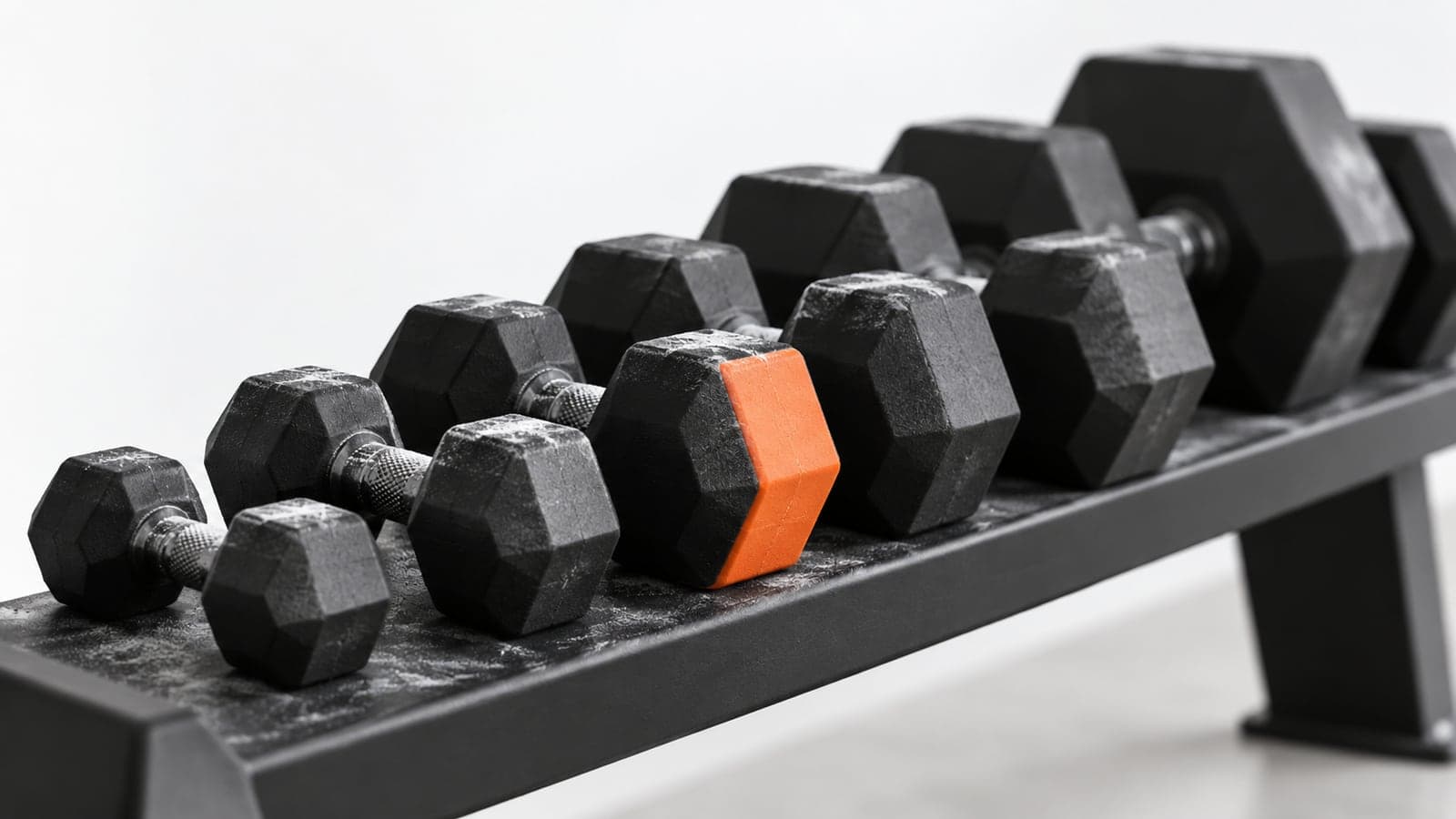 Row of matte black dumbbells on a rack with one orange-capped pair in the middle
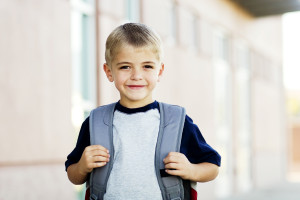 Young child with a backpack, going to school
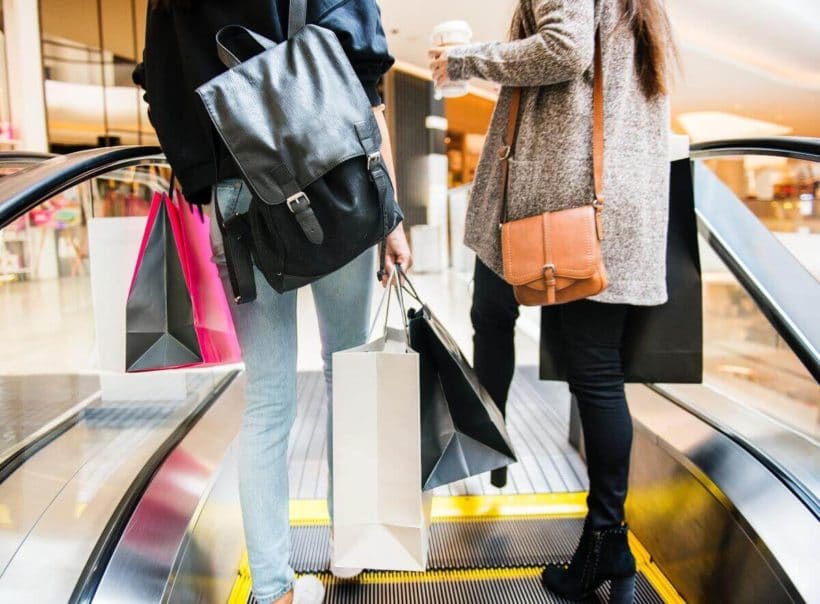 Women with shopping bags on an escalator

_ _ _ _

• _Exercise prompt_: Omit all pictures, and repeat exactly the lines from the line containing "Young child with a backpack, going to school" through the end of the data.

• _Your solution_:
 Young child with a backpack, going to school
 Women with shopping bags on an escalator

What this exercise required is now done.